The greatest difficulties lie where we are not looking for them.
Goethe—Sprüche in Prosa. P. 236.
Nil agit exemplum, litem quod lite resolvit.
The illustration which solves one difficulty by raising another, settles nothing.
Horace—Satires. II. 3. 103.
Many things difficult to design prove easy to performance.
Samuel Johnson—Rasselas. Ch. XIII.
Blind guides, which strain at a gnat, and swallow a camel.
Matthew.

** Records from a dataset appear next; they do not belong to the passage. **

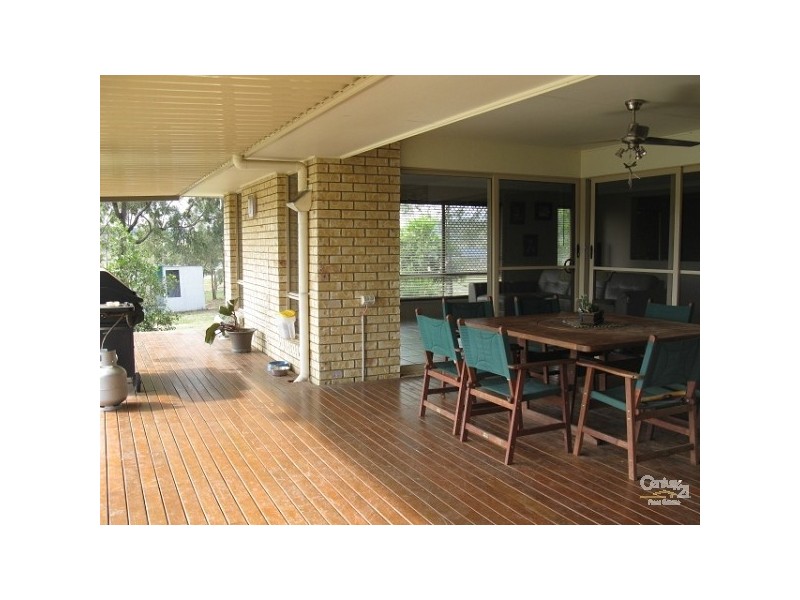 Kensington Grove QLD 4341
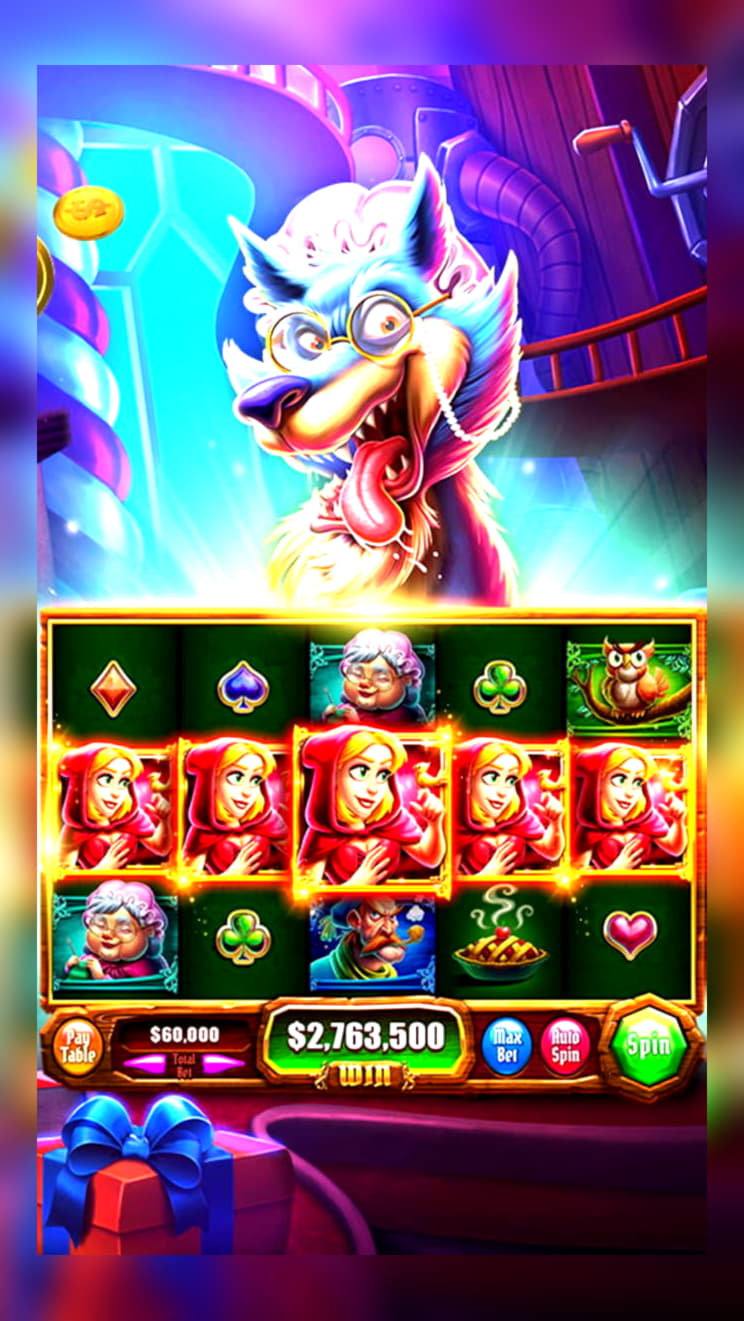 $115 free chip at Slots Million Casino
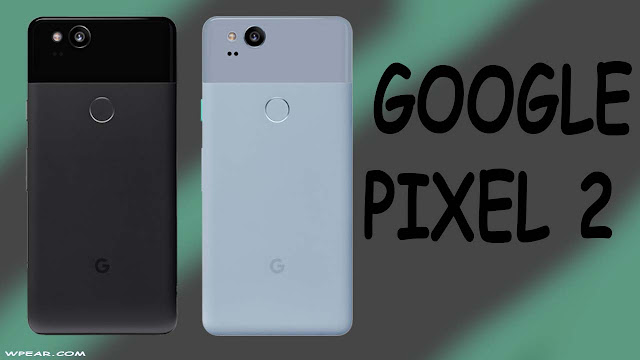 سعر و مواصفات Google Pixel 2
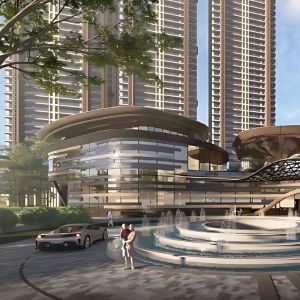 The Westin Residences 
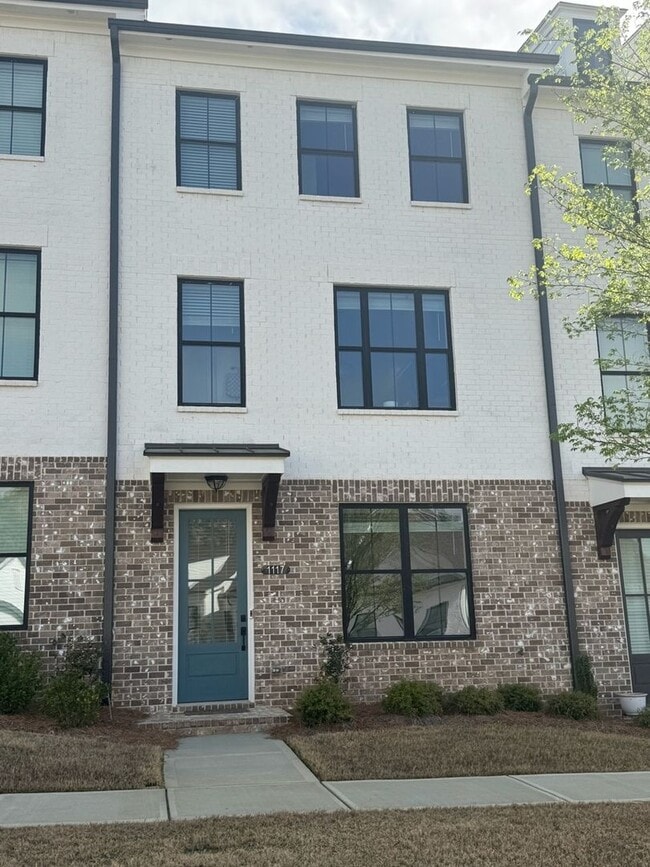 Building Photo - Charming 3BR Townhome in Buford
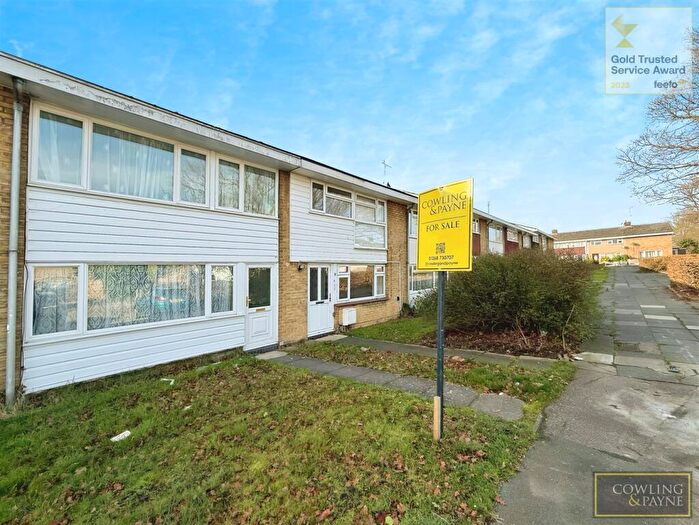 3 Bedroom Terraced House To Rent In The Frame, Basildon, Essex, SS15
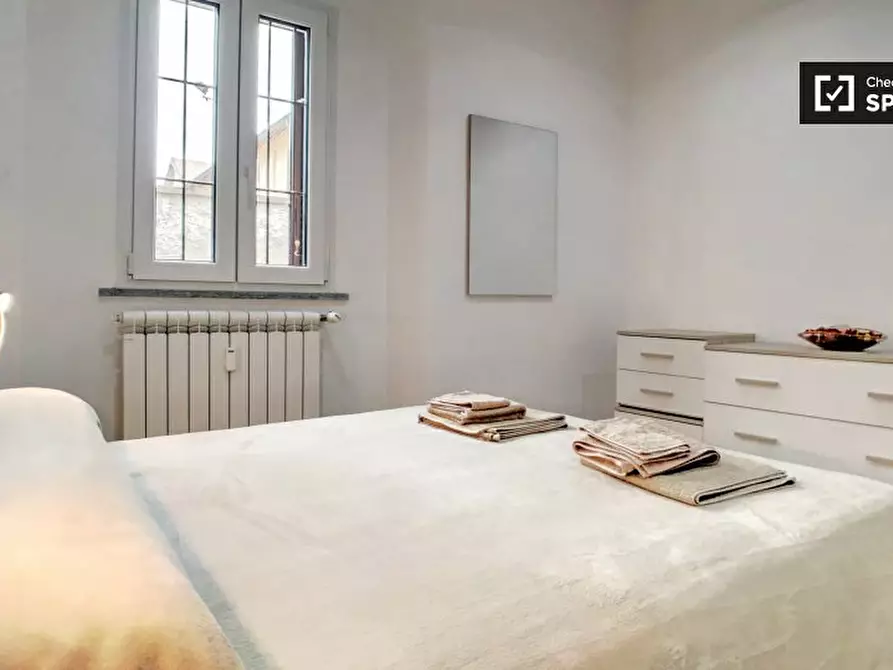 Immagine 17 di Appartamento in affitto  in Via Arnaldo Fusinato a Milano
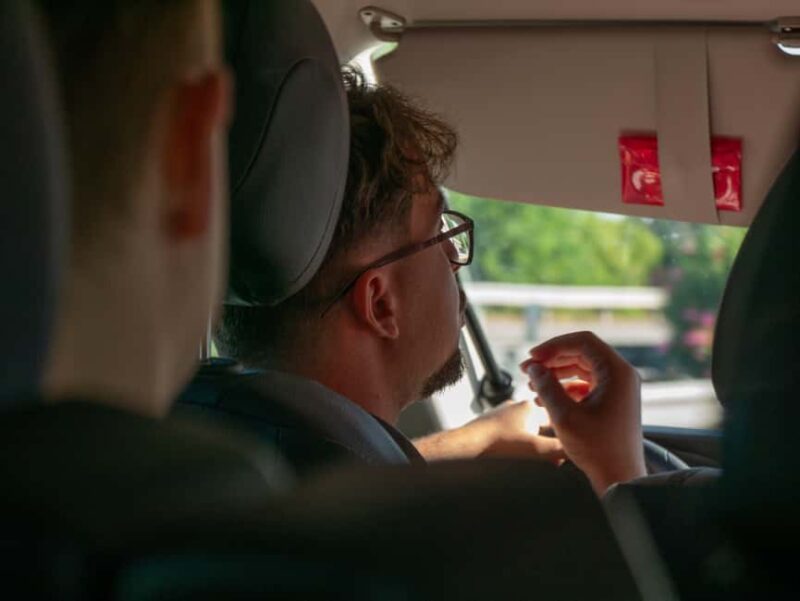 From Porto: Small Group Douro Valley Tour with Wine & Cruise - Second Winery Visit and Tasting Session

XXIII. 24.
So he with difficulty and labor hard
Mov’d on, with difficulty and labor he.
Milton—Paradise Lost. Bk. II. L. 1,021.
Ardua molimur; sed nulla nisi ardua virtus.
I attempt a difficult work; but there is no excellence without difficulty.
Ovid—Ars Amatoria. II. 537.
Men might as well have hunted an hare with a tabre.
Richard the Redeles. (1399).
It is as hard to come as for a camel
To thread the postern of a small needle’s eye.
Richard II. Act V. Sc. 5. L. 16.
Nil tam difficile quin quærendo investigari possiet.
Nothing is so difficult but that it may be found out by seeking.
Terence—Heauton timoroumenos. IV. 2. 8. Herrick—Hesperides. No. 1009. Seek and Find.
Nulla est tam facilis res, quin difficilis siet,
Quum invitus facias.
There is nothing so easy in itself but grows difficult when it is performed against one’s will.
Terence—Heauton timoroumenos. IV. 6. 1.
There is such a choice of difficulties, that I own myself at a loss how to determine.
James Wolfe—Dispatch to Pitt. Sept. 2, 1759.